### WHAT YOU NEED TO DO
Print the entire listing below word for word, excluding its pictures.

### SOURCE MATERIAL

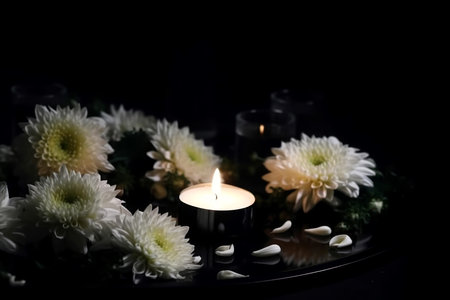 Chrysanthemum burning candle. White cozy candle. Generate AIの素材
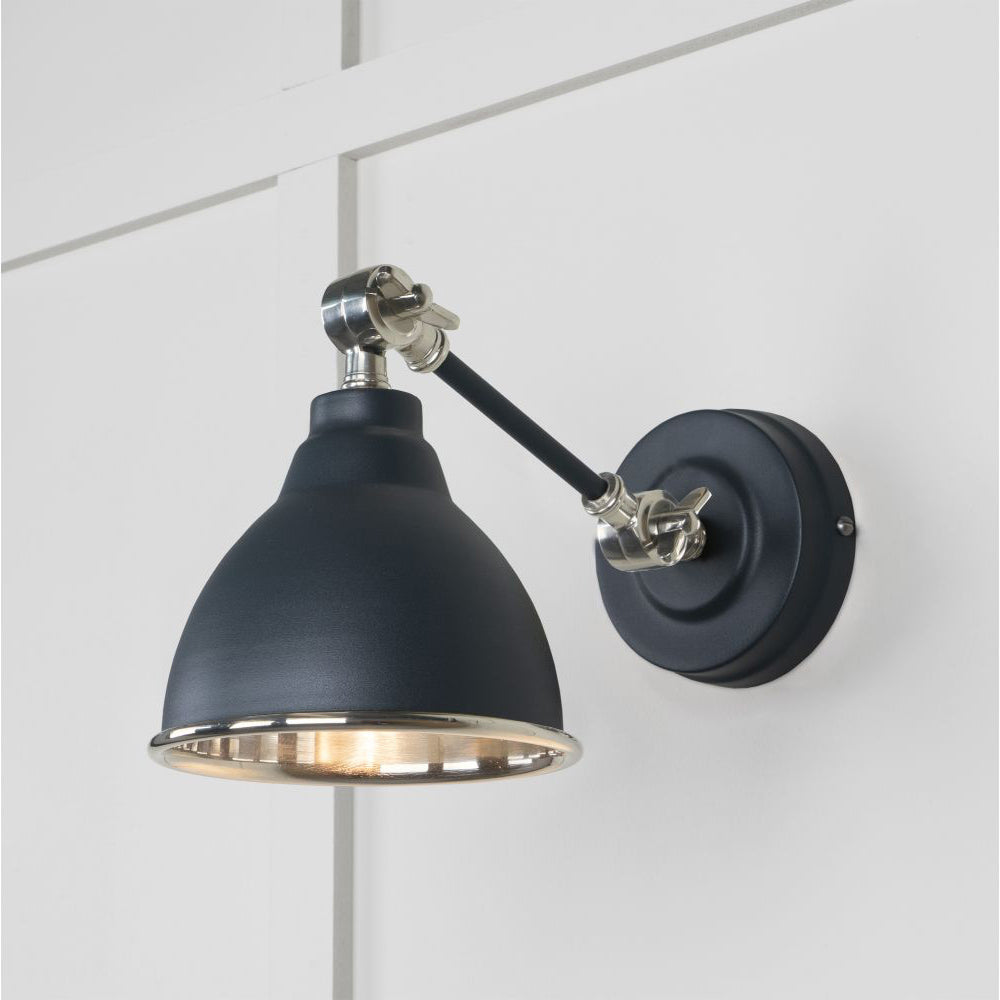 Smooth Nickel Brindley Wall Light - Modern Sconce with Adjustable Arm & Multiple Color Options - Perfect for Bedroom, Living Room, or Hallway Lighting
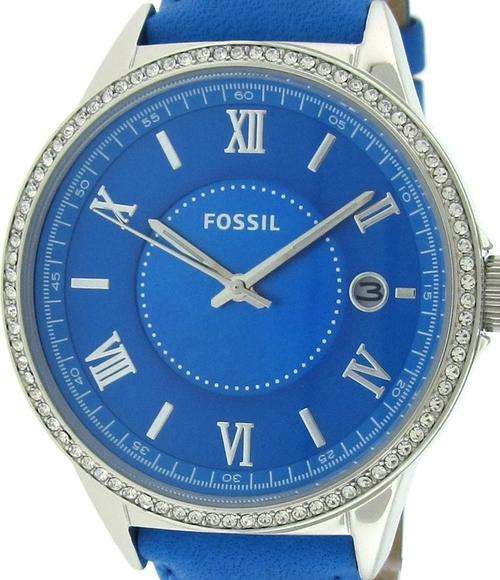 FOSSIL Crystal Accented Blue Leather Ladies Watch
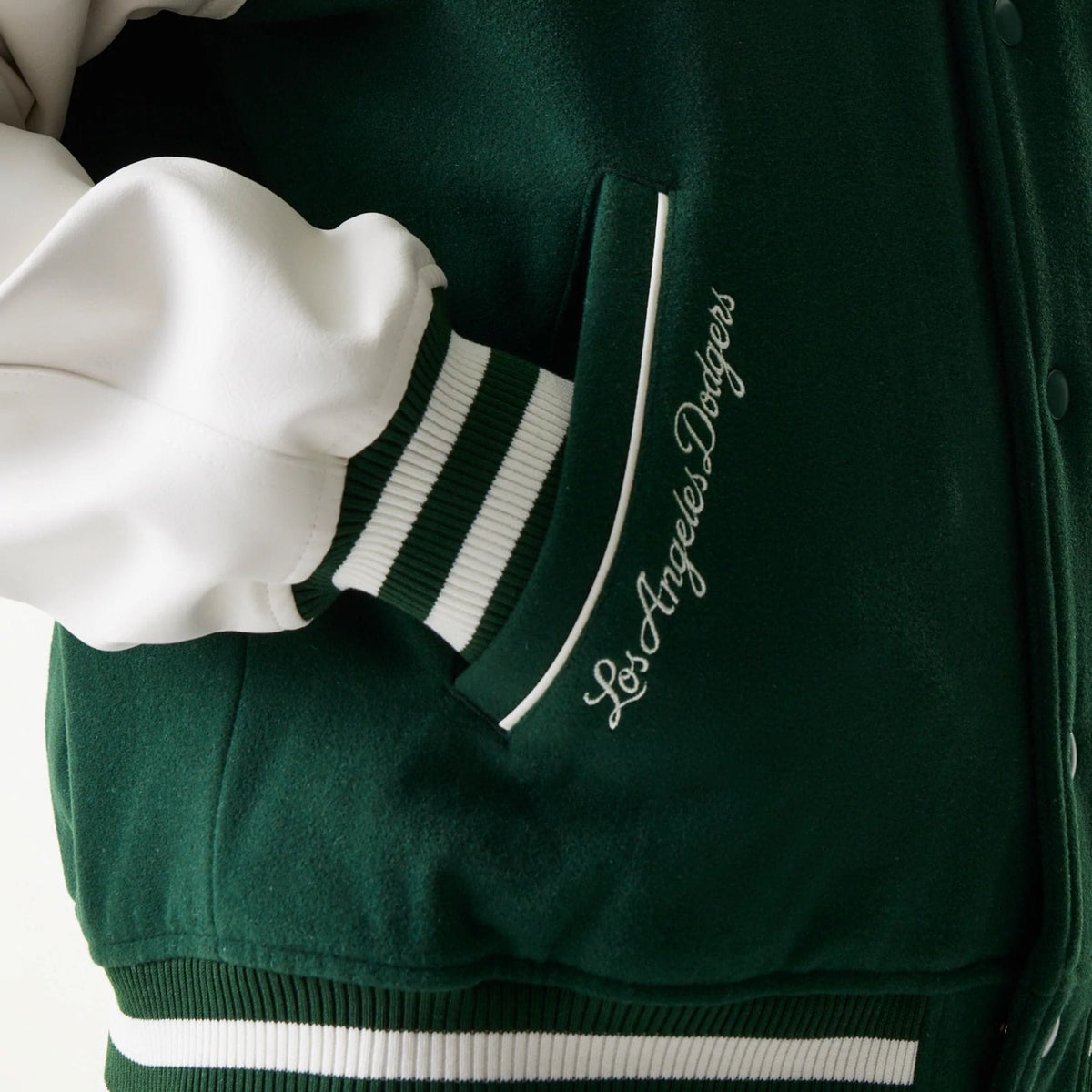 LA Dodgers MLB Dark Green Varsity Jacket-klyvox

### WRITTEN ANSWER
 Chrysanthemum burning candle. White cozy candle. Generate AIの素材
 Smooth Nickel Brindley Wall Light - Modern Sconce with Adjustable Arm & Multiple Color Options - Perfect for Bedroom, Living Room, or Hallway Lighting
 FOSSIL Crystal Accented Blue Leather Ladies Watch
 LA Dodgers MLB Dark Green Varsity Jacket-klyvox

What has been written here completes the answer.